Lately, I have been doing some unfocused research on polymathy [6]. One of the things that has fascinated me is the distinction between "domain-specific" knowledge and "general" knowledge, particularly as it relates to specialization. One criticism of modern science is that it suffers from hyper-specialization. The trend towards hyper-specialization has been constant over historical time, and now contrasts sharply with the scientists of the 16th and 17th century. This trend has been countered in a number of ways, particularly through interdisciplinary initiatives. Yet all too often, interdisciplinarity is reduced to groups of specialists gathered in the same room talking past one another.

A "T" shape skillset in terms of employment skills and educating talent. COURTESY: T-Summit 2014.

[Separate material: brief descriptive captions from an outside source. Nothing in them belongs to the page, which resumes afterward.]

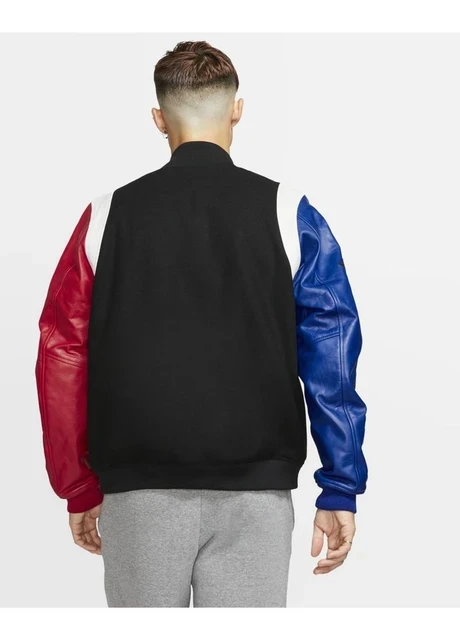 Куртка унісекс Nike Air Jordan Sport Dna Varsity Jacket Black Red Blue (AT9958-010) — фото 4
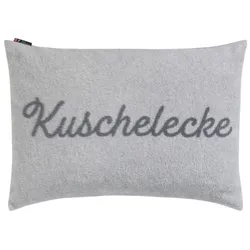 David Fussenegger Kissenhülle Savona 'Kuschelecke' 40 x 60 cm Filz - Hellgrau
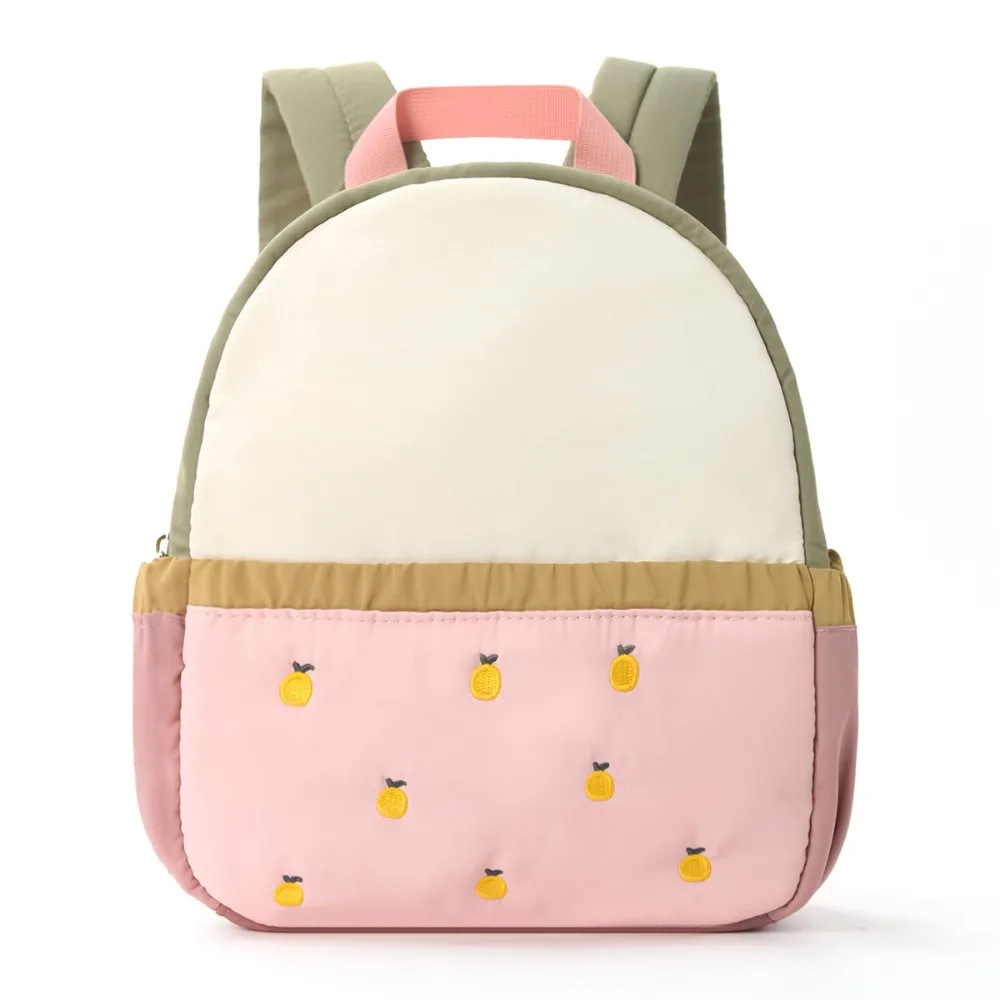 New Polyester Embroidery Shoulders Bag Large Capacity Multicolor School Bag Washable School Student Backpack Kids Children 1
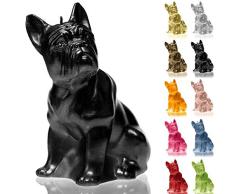 Candellana Hecho a Mano Bulldog Classic Vela de Regalo - Divertida - Vela Decorativa - Decoración del Hogar - Regalos para Amigos - Mecha de Algodón - Tiempo de Quemado 24h - Vela Black Metallic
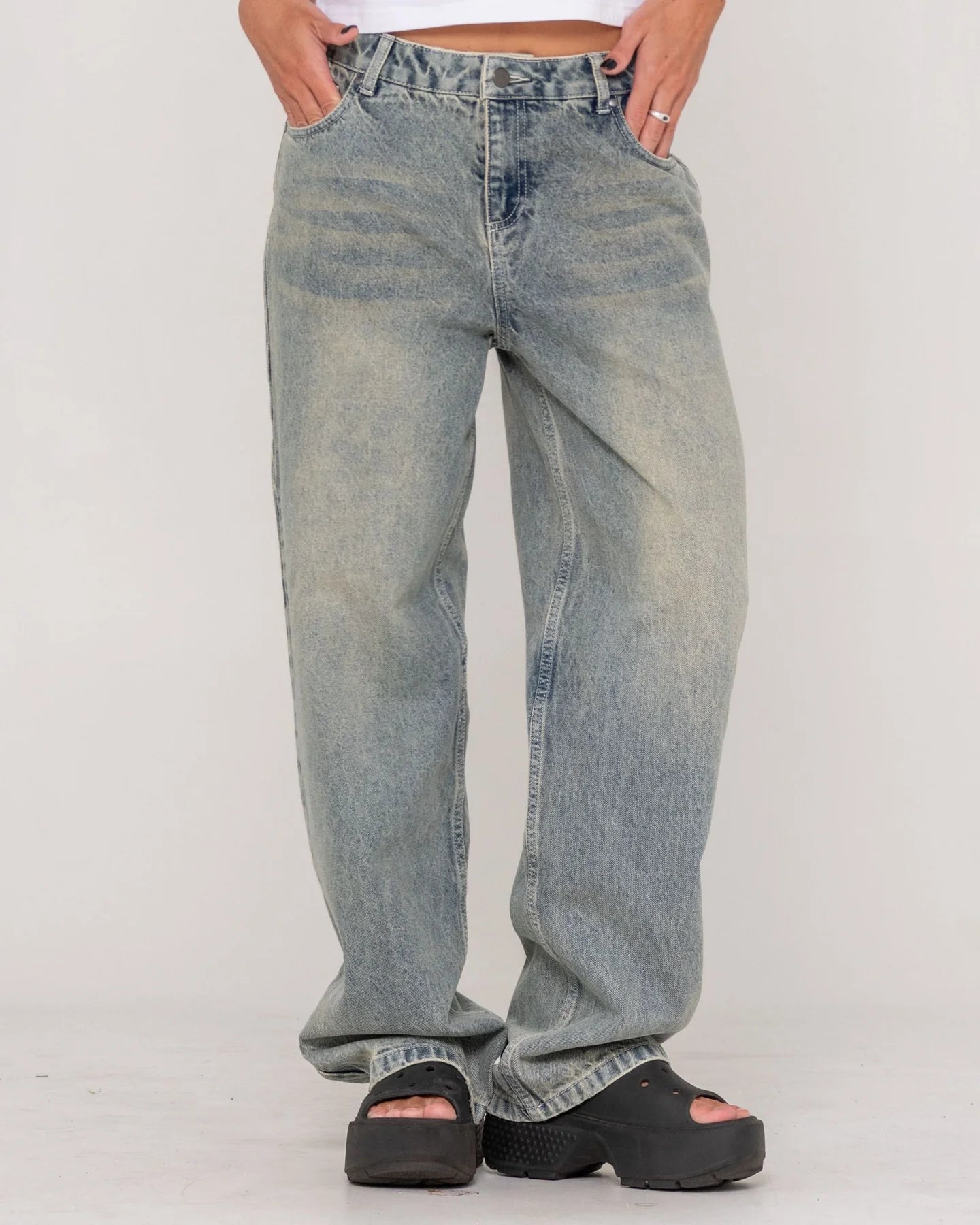 Norty Bethany Baggy Low Rise Jean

I am interested in taking a landscape model approach to modeling polymathy as a function of expertise and semantic specialization. In getting there, we have to understand the relationships (various dimensions) of specialization and generalized knowledge. According to the education and tech literature, the traditional polymath can be modeled as a "T". In fact, the T-shaped skillset is back in vogue in some fields (e.g. design, project management). It is somewhat difficult to make the leap from abstract skills to specific facts and other knowledge that facilitates (or constrains) scientific collaboration. 

Components of the "I" shape in terms of academic influence and expertise. More information on this work to come.

To help this along, I have worked out an ontological and semantic model of scientific expertise. In the figure above, I show the bivariate model as a shape representing the relative "depth and "breadth" of a particular style of scientific practice. While there are "Is" (specialists) and "Ts" (generalists with a single specialty), there are also "combs" (generalists with multiple specialties) and "dashes" (pure generalists). "Combs" are most analogous to the traditional polymath, but it is interesting to ask where Charles Darwin (and other theorists) would fit into this type of scheme. 

While Darwin has shaped the thinking of many scholars in multiple fields (both traditional and upstart) over the past 150 years, he was also influenced by a variety of thinkers. Even more than a scientific specialist, the essence of theorists can be captured by multiple-input, multiple-output (MIMO) graphs of major ideas. This can extend even beyond the lifetime of the scientist. The following graphical example of influencers and the influenced (inputs and outputs) is from Semantic Scholar, and shows Charles Darwin's position in a semi-directed citation network within the Computer Science community.

Charles Darwin's academic influence as MIMO graph. See profile for details on how graph is computed.

[1] Kazneechev, A. (2012). Theorists as Connectors: from Poincare to mathematical medicine. Theory, Evolution, and Games Group blog, November 4.

[2] Newman, M.E.J. (2004). Who Is the Best Connected Scientist? A Study of Scientific Coauthorship Networks. Lecture Notes in Physics, 650, 337–370.

[3] Alicea, B. (2011). Academic Connectivity and the Future of Scientific Ideas. Synthetic Daisies blog, September 9.

[4] Newman, M.E.J. (2001). The structure of scientific collaboration networks. PNAS, 98(2), 404-409.

[5] More information about citation networks and their usefulness to the practice of science can be found in: Editorial (2010). On citing well. Nature Chemical Biology, 6, 79.

[6] A few popular readings on polymathy: Arbesman, S. (2013). Let's Bring the Polymath -- and the Dabblers -- Back. Wired, December 13 AND Mazie, S. How to be a Polymath. Big Think blog.